» Innocence is always unsuspicious «
Vaughan’s embrace was like coming home. While in many ways he was my opposite, he still was my equal. I couldn’t imagine a family member more in tune with my thoughts than him. He knew when I was lying, when I was happy, when I had secrets. We knew everything about each other. I took in his icy scent as we embraced. His laughter at the mention of my stubbornness was a relief. I really didn’t want to have an argument right off the bat. I watched his eyes flick to my stomach, and there was a thought behind his brown eyes, but he held his tongue for the mean time. I sigh, as the wave of exhaustion hits me, I hide it as best I can but I know I will not be long for the conversation. ”It is not my stubbornness that will give you trouble, but your own.

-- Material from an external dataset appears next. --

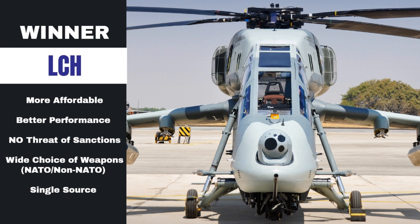From this detailed comparison, we can conclude that overall the LCH is a much better choice as a light attack helicopter than the T-129. Thank you for watching.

I will not make you do anything the hard way. It will only be you making yourself do things the hard way if you can’t allow me to live as I please. You always thought you knew what was best. Its how you got that floppy ear of yours, remember?” I smiled at him pointing at his ears with my muzzle, I am not harsh, it was almost motherly, with the sweet smile and calm word with hard truth behind them. It was a surprise as I feel as if I should be a little annoyed at his proclamations of my stubborn nature. It must have been the hormones, surely if I wasn’t about to pop it would have been different. ”Speaking of, did you see mother when you came through Chamber?”
His next bit was a little more interesting, I hadn’t heard of Tundra finally removing its ban on mares. But he said it was rather recent, so I am sure it will make it’s way here soon enough. That was a big change for the Kingdom, but it was nice to hear none the less. But again, he is back to asking me to go with him. I was in no state to go anywhere within the Village, let alone travel the mountains into the cold. Cramps raked my sides again, and I winced in pain, but in a moment it passed. I knew what it meant, but I put it aside. My dear brother had just arrived, and I was certain I could wait a while longer. ”You would protect me, and the foal I have no doubts about that... I am sure Tundra would be lovely to visit. But I am not ready to leave here yet. Chem… well… I’m just not ready to leave. He cares for me, Vaughan. You’ll like him, just wait until he arrives...you’ll see.” My eyes are a mix of emotion: happiness, pride, but also pleading, and hope. Vaughan had calmed in his years away, but I knew his temper and obstinacy lingered beneath the calm surface. I just hoped he would listen to my decision in the end and not do anything foolish.